▼

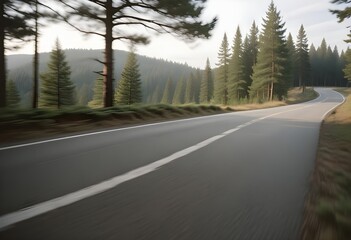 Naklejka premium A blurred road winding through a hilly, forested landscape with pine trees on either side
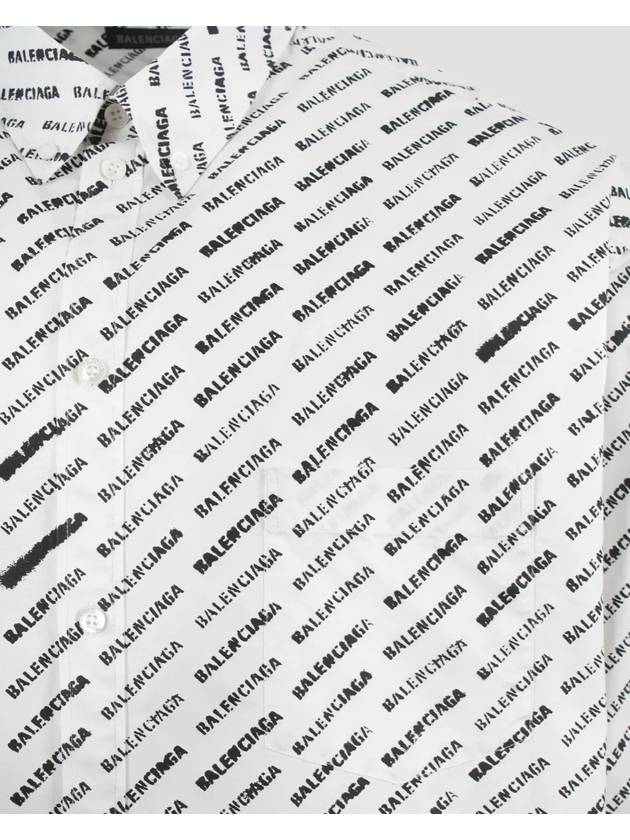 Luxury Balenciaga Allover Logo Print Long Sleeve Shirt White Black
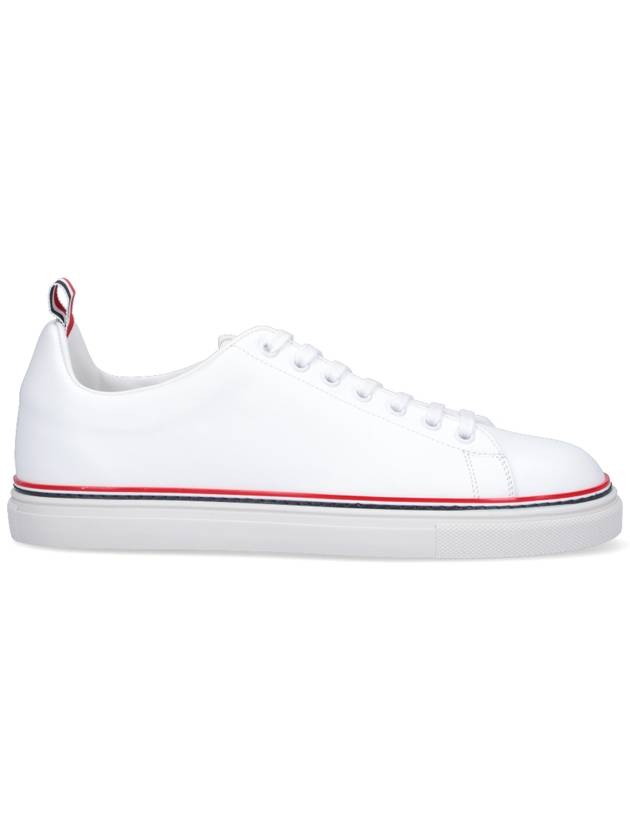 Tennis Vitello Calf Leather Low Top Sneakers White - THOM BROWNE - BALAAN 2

▲
▼

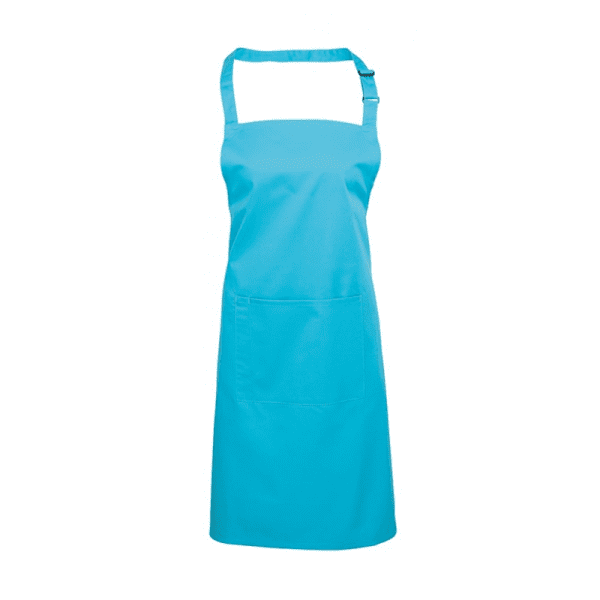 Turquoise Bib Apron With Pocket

▲
▼

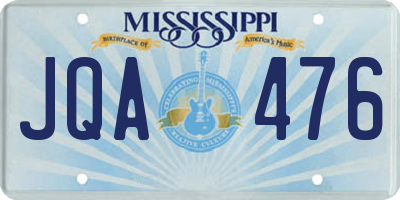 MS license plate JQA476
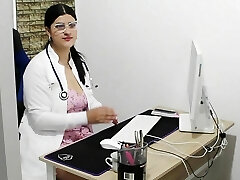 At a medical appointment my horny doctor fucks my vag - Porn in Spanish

▲

Copy exactly the lines of the entries above from the one containing "Naklejka premium A" through the one containing "Tennis Vitello Calf". Both end lines count; pictures do not.

 Naklejka premium A blurred road winding through a hilly, forested landscape with pine trees on either side
 Luxury Balenciaga Allover Logo Print Long Sleeve Shirt White Black
 Tennis Vitello Calf Leather Low Top Sneakers White - THOM BROWNE - BALAAN 2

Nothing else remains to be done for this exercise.